Details on Gaussian DPM Model:
This generic function fits a Dirichlet process mixture of Gaussians model for density estimation (Escobar and West, 1995). Using estimates for the medians m and 95th percentiles c of coordinates of the data's distribution, the original data is rescaled as \bold{z}_i = 2 Diag(\bold{c})^{-1} ( \bold{y_i-m}).
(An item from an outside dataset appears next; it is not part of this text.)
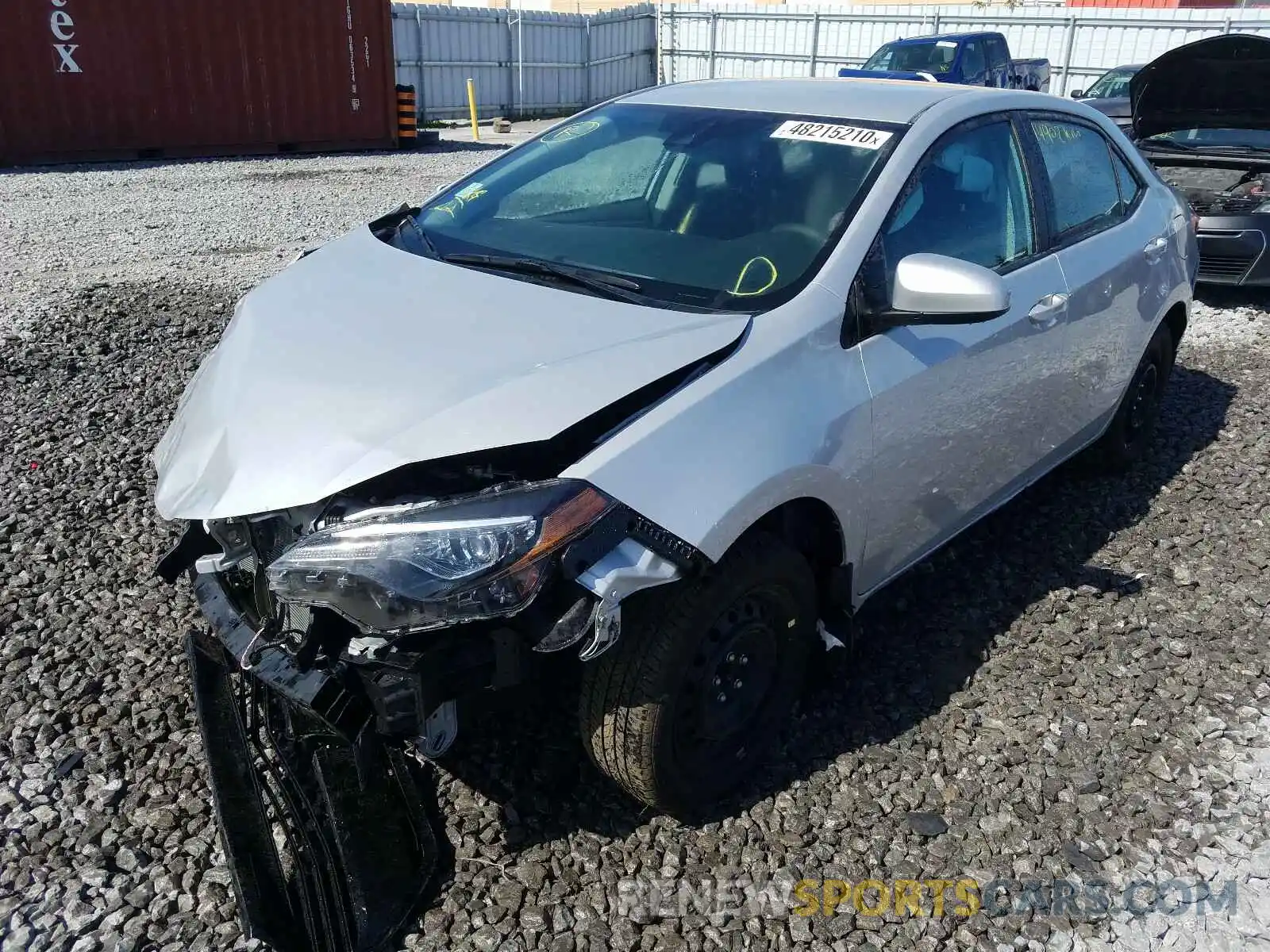 2 Photograph of a damaged car 2T1BURHE4KC232742 TOYOTA COROLLA 2019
Then, we fit the Gaussian DPM model \begin{array}{rl} \mathbf{z}_i | \boldsymbol{μ}_i, \mathbf{T}_i &\sim No(\boldsymbol{μ}_i,\mathbf{T}_i), \ (\boldsymbol{μ}_i, \mathbf{T}_i) | G &\sim G, \ G|G_0 &\sim DP(ν, G_0), \ G_0|λ,\boldsymbol{Ψ} &= NoWi(\mathbf{m}_μ, λ, k_T, \boldsymbol{Ψ}), \ λ &\sim Ga(a_λ, b_λ), \ \boldsymbol{Ψ} &\sim Wi(k_ψ, \mathbf{W}_ψ), \ ν &\sim Ga(a_ν,b_ν), \ \end{array}
where No(\bold{m},\bold{U}) denotes a normal distribution with mean m and precision matrix U, Ga(a,b) denotes a Gamma distribution with shape parameter a and rate parameter b, Wi(k,\bold{W}) denotes a Wishart distribution with degrees of freedom k and rate matrix W (expectation k \bold{W}^{-1}), and NoWi(\bold{m}, λ, k, \bold{Ψ}) denotes a Normal-Wishart distribution with location m, precision factor λ, degrees of freedom k, and rate matrix W. The LIO prior specifies the hyperparameters as \bold{m}_μ = \bold{0}, k_T = p+2, a_λ = 3/2, b_λ = v^2/2, k_ψ = p, and \bold{W}ψ = p \bold{I}, where v^2 = 100 p (n-1)/ [n χ{p,0.99}^{2} ] and p = dim \bold{y}_i. Details of this choice of prior are provided in Shi et al., 2019.
Value:
An object of class "DPdensity", whose elements include: y Data set used for estimation mcmc List of MCMC parameters save.state$randsave Matrix containing MCMC samples of cluster parameters grid1 First coordinates of points at which the density is estimated grid2 Second coordinates of points at which the density is estimated dens Density estimates at points in grid fun1 Marginal density estimates at points in grid1 fun2 Marginal density estimates at points in grid2
Since Jara's DPdensity function generates the MCMC samples, the DPdensity object contains many other elements that we have left unmodified. Interpretation of these elements might differ from that in the original function due to the rescaling process performed in the wrapper.
References:
Escobar,M.D. and West,M. (1995) Bayesian density estimation and inference using mixtures, Journal of the American Statistical Association 90 Num 430, 577–588
Jara,A. and Hanson,T.E. and Quintana,F.A. and Muller,P. and Rosner,G.L.(2011) DPpackage: Bayesian semi-and nonparametric modeling in R, Journal of Statistical Software 40 Num 5, 1
Shi,Y. and Martens,M. and Banerjee,A. and Laud,P. (2019) Low Information Omnibus (LIO) Priors for Dirichlet Process Mixture Models. Bayesian Analysis Num 14(3), 677-702.
Example R code:
/* Scalar data from gamma(2,1) / library(DPWeibull) n <- 200 y <- rgamma(n,2,1) / Specify percentiles */ fit <- normwrapper(y=y,y50=1,y95=4)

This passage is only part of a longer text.